Coaching for anxiety offers a practical and action-orientated approach to help individuals manage their anxiety and move towards their desired life. It typically focuses on the present and future, empowering people to develop skills and strategies to cope with anxious feelings and thoughts, rather than solely exploring the origins of their anxiety.
Here are some key aspects of what coaching for anxiety entails:
- Understanding Your Anxiety: A coach will help you gain a clearer understanding of how anxiety manifests for you specifically. This involves identifying your triggers – the situations, thoughts, or feelings that tend to bring on anxiety. You’ll also explore your physical and emotional responses to anxiety, and any avoidance behaviours you might have developed.
- Setting Achievable Goals: Together with your coach, you’ll define specific, measurable, achievable, relevant, and time-bound (SMART) goals [the previous turn]. These goals will be centred around how you want your life to be less impacted by anxiety, such as feeling more comfortable in social situations, managing worries more effectively, or pursuing activities you’ve been avoiding. The focus is on creating a “preferred future” where anxiety has less of a hold.
- Developing Coping Skills: Coaching for anxiety equips you with various techniques to manage anxiety in the moment. This can include breathing exercises to calm your nervous system, mindfulness practices to help you stay present and observe your thoughts without getting carried away, and strategies to challenge and reframe negative or unhelpful thought patterns. You might learn to “observe rather than react” to your anxiety.

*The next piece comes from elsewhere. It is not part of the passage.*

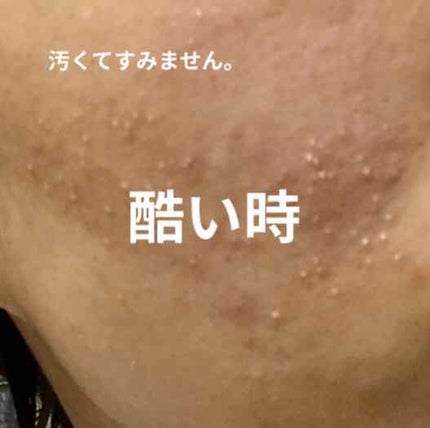 化粧水・敏感肌用・高保湿タイプ/無印良品/化粧水を使ったクチコミ(3枚目)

- Building Confidence Through Action: A significant part of coaching for anxiety involves creating action plans to gradually face situations that trigger your anxiety [the previous turn]. This often involves breaking down larger challenges into smaller, more manageable steps, allowing you to build confidence with each success. This might be seen as a form of “graded exposure”. The emphasis is on “acting” even when feeling anxious, to learn that anxiety doesn’t have to prevent you from doing what you want.

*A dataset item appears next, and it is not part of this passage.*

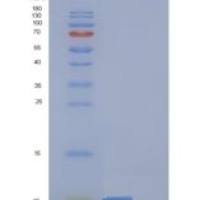 人表皮调节素(EREG)重组蛋白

- Challenging Unhelpful Thoughts: Anxiety is often fuelled by negative self-talk and worried predictions. A coach will guide you in identifying these thoughts and examining their validity. You’ll learn to question these thoughts and develop more balanced and realistic perspectives. This process helps to “declutter your mind” of excessive worry.
- Focusing on Your Strengths and Values: Coaching for anxiety often draws upon your existing strengths and resources to help you overcome challenges. It can also involve clarifying your personal values and using these as a compass to guide your actions, even when feeling anxious. This helps you to create a “life worth living”, even with the presence of some anxiety.
- Cultivating Willingness and Acceptance: Some coaching approaches, like Acceptance and Commitment Therapy (ACT) principles, emphasize learning to accept anxious feelings rather than struggling against them. The focus shifts from trying to eliminate anxiety to being “willing” to experience it while still moving towards your valued goals. Mindfulness practices can support this process of non-judgmental acceptance.
- Promoting Self-Compassion: Learning to treat yourself with kindness and understanding, especially when you’re feeling anxious or facing setbacks, is an important aspect of many coaching for anxiety programmes. This helps to reduce self-criticism and build resilience.
Coaching for anxiety differs from traditional therapy in its primary focus. While therapy may delve into past experiences and the underlying causes of anxiety, coaching tends to be more solution-focused and geared towards implementing practical strategies for change in the present and future [the previous turn].
Summary: Coaching for anxiety is a proactive approach that empowers individuals to understand their anxiety, set meaningful goals, develop effective coping skills, challenge negative thinking, build confidence through action, connect with their values, cultivate willingness, and practice self-compassion, ultimately leading to a more fulfilling life less controlled by anxiety.